# [YOUR INSTRUCTIONS]
Using the listing below, set down exactly the lines from the one that contains "Game Booster and" through the one that contains "Texas Toyota of", with no pictures.

# [EXERCISE MATERIAL]

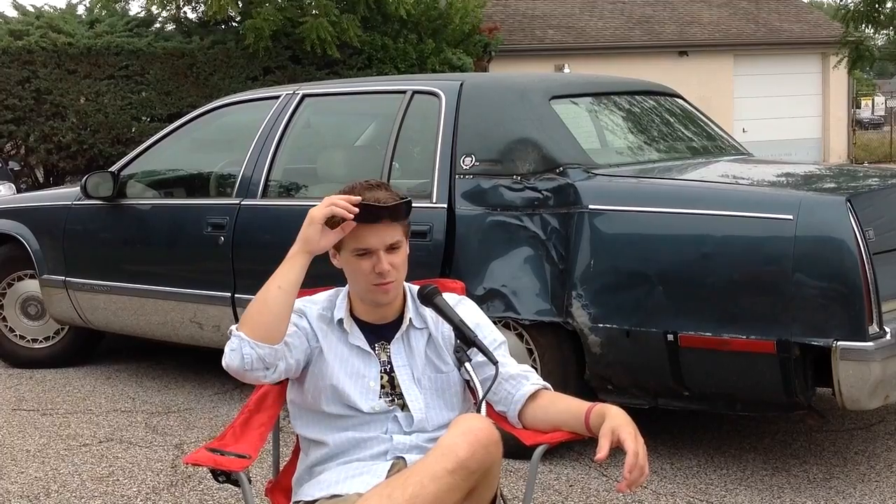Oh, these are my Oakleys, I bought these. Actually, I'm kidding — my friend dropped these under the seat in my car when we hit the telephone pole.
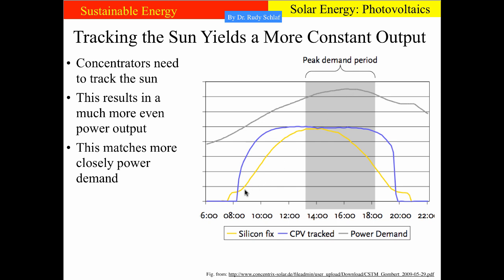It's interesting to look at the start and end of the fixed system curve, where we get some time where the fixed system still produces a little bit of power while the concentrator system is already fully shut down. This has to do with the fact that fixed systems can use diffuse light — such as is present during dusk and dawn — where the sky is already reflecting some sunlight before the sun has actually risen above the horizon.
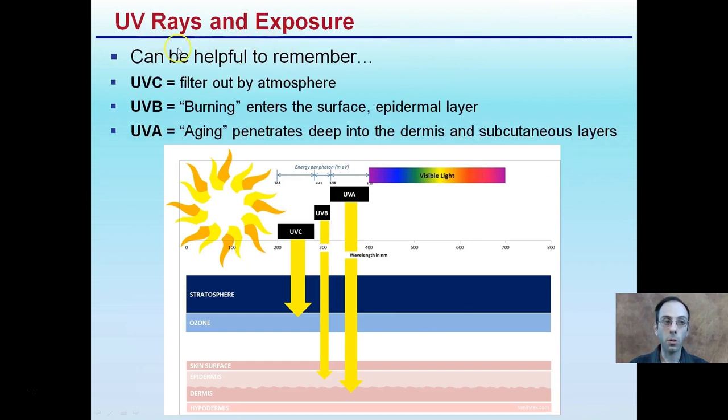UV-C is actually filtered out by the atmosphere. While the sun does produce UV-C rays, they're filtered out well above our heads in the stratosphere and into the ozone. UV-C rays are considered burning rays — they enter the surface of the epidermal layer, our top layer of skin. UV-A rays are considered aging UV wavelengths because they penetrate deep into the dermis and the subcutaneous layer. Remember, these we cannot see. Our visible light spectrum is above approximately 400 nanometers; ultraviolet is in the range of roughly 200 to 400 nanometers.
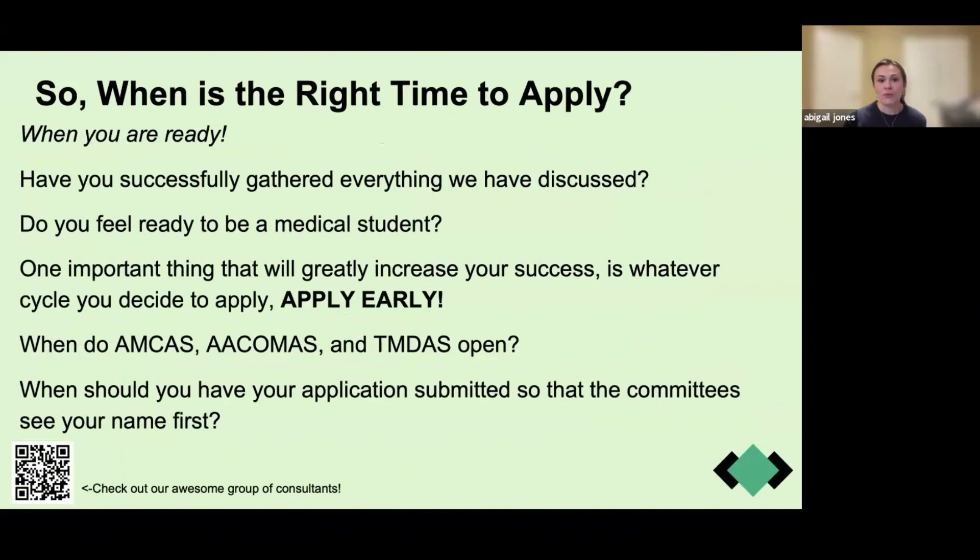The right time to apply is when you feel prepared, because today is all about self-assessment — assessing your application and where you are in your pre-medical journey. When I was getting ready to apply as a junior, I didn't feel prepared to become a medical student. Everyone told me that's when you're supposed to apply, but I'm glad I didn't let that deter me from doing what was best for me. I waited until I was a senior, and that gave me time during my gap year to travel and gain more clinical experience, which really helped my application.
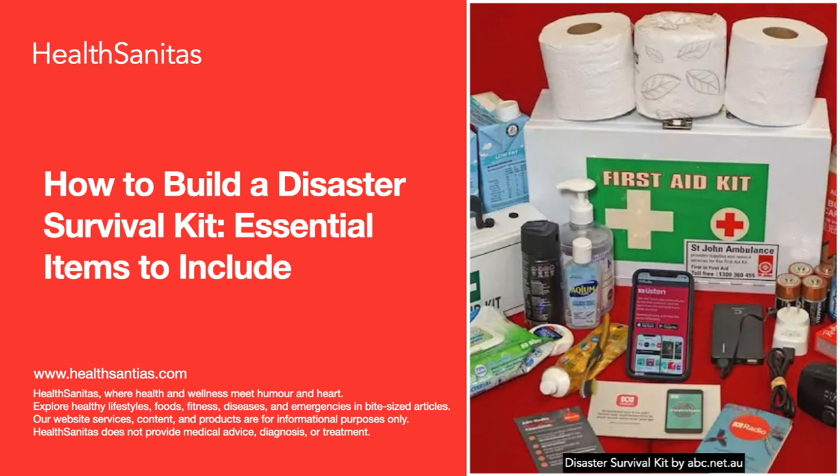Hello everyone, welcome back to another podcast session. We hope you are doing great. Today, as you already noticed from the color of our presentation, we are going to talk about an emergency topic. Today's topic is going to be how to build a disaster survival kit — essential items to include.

==

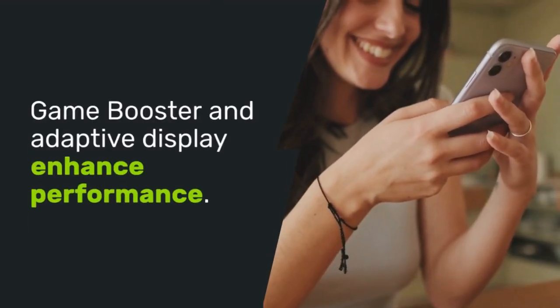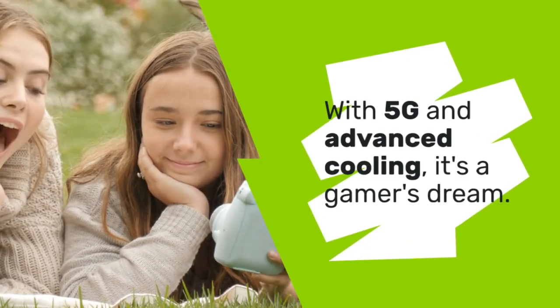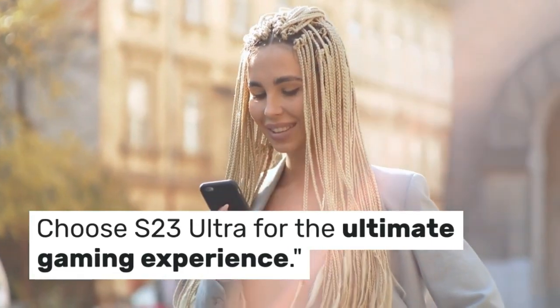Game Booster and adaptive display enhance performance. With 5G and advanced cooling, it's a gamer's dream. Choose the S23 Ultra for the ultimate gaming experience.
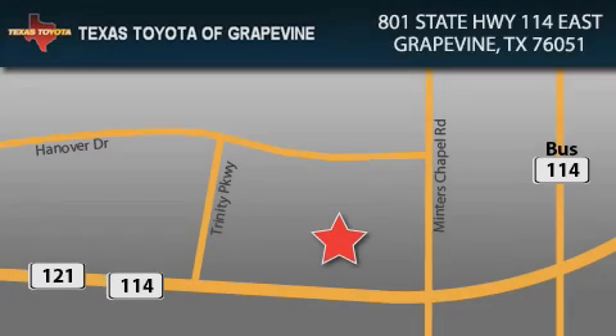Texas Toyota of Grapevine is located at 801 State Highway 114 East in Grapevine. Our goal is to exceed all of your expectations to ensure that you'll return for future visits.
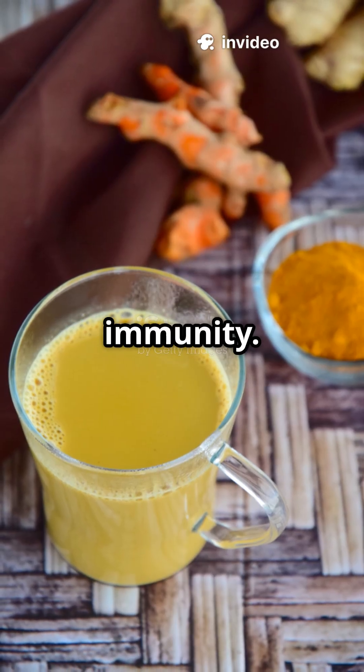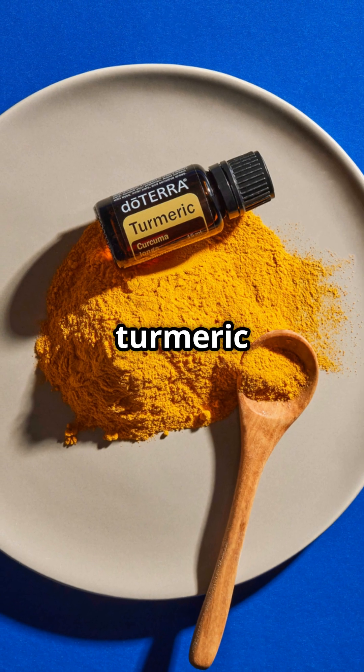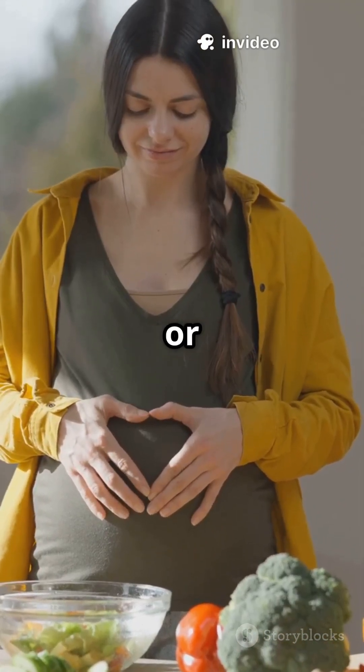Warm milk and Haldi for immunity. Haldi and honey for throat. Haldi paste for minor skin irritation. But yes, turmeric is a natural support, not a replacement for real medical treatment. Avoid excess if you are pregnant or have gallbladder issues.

# [OUTPUT BELOW]
Game Booster and adaptive display enhance performance. With 5G and advanced cooling, it's a gamer's dream. Choose the S23 Ultra for the ultimate gaming experience.
Texas Toyota of Grapevine is located at 801 State Highway 114 East in Grapevine. Our goal is to exceed all of your expectations to ensure that you'll return for future visits.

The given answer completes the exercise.